Mike Montgomery was completely wrong.
There is never an excuse to push, slap, hit, grab or touch a player. You just can’t do it. Under any circumstance.
For those who missed it, the Cal coach was incensed with the effort of his star player, Allen Crabbe, on Sunday night against USC. During a timeout, Montgomery went over the edge, giving the Pac-12’s best shooting guard a two-hand shove, asking him, demonstratively, whether or not he really wanted to play.
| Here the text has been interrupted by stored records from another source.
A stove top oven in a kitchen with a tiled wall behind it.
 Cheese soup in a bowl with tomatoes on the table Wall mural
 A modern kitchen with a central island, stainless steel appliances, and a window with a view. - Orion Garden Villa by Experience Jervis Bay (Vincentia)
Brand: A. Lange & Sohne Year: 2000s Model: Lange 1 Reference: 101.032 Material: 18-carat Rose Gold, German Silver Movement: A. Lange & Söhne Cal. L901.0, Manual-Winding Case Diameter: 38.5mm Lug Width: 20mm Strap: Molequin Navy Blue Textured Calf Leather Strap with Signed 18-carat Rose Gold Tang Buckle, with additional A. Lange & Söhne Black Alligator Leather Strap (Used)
As of now, negative public opinion has been the only real consequence for Montgomery. He apologized in a statement. He was reprimanded by Cal athletic director Sandy Barbour and the Pac-12. It appears, though, that Montgomery will escape any real sanction. No fines, no suspensions appear to be on the horizon.
Here’s the thing: Tiffs between coaches and players happen all the time. The coaches know it, the players know it. Outside of the physical — which is where Montgomery crossed the line — his argument with Crabbe should not have sparked mass alarms.
Crabbe, when motivated, may be the very best perimeter player in the league. The problem on this night was his motivation. It wasn’t all there. He scored nine points in the first half against the Trojans, and his defense was lax, which fired Montgomery up in the first place.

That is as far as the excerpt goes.